Jim Leggitt Drawing Workshop in Denver, April 28, 2011
SketchUp Overlay and Trace Method
Step 1- SketchUp Massing Model. The subject was a simple residential design from the 1930’s. I built a basic SketchUp model using floor plans and elevations that I scanned from a classic book on residential design. I exported an eye-level perspective scene and printed it in color on 8.5x11” paper.
Step 2 - Overlay Drawing. One of my students, Marc Applebaum, AIA sketched over the print with a red pencil to block out the car and other elements, then drew over the scene with a Pilot Fineliner pen on a sheet of tracing paper. His pen and ink drawing captured the basic house model view and added site detail such as walls, steps, trees and shrubs.
Step 3 - Final Color. Marc completed the drawing with a wash of Chartpak AD markers and added texture with Prismacolor pencils. He built up shadows and contrast with a dark cool gray marker. The overlay drawing took less than 60 minutes from initial redline mockup to final coloring!

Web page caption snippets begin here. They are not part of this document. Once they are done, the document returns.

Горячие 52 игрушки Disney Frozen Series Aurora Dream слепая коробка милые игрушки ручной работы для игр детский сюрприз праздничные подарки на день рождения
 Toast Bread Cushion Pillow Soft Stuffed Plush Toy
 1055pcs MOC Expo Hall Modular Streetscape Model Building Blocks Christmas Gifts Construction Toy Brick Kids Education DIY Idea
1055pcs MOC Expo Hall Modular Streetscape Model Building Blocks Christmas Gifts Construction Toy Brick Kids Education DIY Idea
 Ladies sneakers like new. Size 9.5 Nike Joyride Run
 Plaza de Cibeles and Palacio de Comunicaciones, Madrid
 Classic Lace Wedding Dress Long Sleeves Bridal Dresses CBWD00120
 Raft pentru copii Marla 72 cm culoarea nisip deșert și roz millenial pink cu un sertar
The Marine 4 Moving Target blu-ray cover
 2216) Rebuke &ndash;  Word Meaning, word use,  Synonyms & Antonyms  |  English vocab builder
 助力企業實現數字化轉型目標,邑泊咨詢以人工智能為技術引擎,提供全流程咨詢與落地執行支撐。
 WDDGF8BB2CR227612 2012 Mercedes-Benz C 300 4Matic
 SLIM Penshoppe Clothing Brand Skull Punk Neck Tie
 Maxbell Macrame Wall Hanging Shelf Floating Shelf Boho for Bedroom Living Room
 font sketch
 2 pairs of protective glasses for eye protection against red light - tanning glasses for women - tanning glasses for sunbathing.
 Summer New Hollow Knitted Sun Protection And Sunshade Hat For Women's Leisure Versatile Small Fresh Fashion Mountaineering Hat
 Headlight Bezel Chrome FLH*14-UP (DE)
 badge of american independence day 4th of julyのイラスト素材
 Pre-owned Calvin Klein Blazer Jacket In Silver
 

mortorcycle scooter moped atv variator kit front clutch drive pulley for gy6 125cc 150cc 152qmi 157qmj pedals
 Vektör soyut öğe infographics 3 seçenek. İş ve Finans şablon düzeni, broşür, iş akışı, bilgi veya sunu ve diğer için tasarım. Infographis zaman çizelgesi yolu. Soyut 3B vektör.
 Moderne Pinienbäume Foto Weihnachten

SketchUp Composite Drawing Method
Detailed SketchUp Model. More developed than the overlay and trace massing model, this model of the same 1930’s house was refined with materials and components. Roofing material was selected, 3D tree components added and a classic car imported from SketchUp 3-D Warehouse. I established an identical view as the previous drawing exercise, exported a high resolution jpeg, printed the image on 11x17” bond paper and drew directly onto the color print with Prismacolor pencils and Chartpak AD markers.
Final Composite Drawing. The print from my SketchUp model was first colored with very light Chartpak AD markers and then over-traced with a black Prismacolor pencil. The final image was scanned at 300dpi.
Waterfront Composite Drawing. This semi-detailed SketchUp “stage set” model was constructed with the goal of establishing a single perspective view in which a composite drawing was developed. The model view was exported into SUPodium to render glass and water reflections. The final SketchUp view was lightened in Photoshop and printed 11x17” on coated bond paper.
Step 1 - Ink Line Delineation. Using a Pilot Fineliner pen, Marc sketched directly onto the print and illustrated the different buildings, people, landscaping and signage. To emphasize distance, he concentrated detail in the foreground and faded his linework in the distance. Much of the original SketchUp model view was untouched on the left side of the scene.
Step 2 - Final Composite Color. Marc added Chartpak AD markers and Prismacolor pencils directly onto the print and completed the drawing in less than 90 minutes. This “hybrid” approach to drawing combines detailed SketchUp models with a hand drawing process which results in very effective presentation “Tradigital Drawings” - the merging of traditional hand drawing techniques with digital models.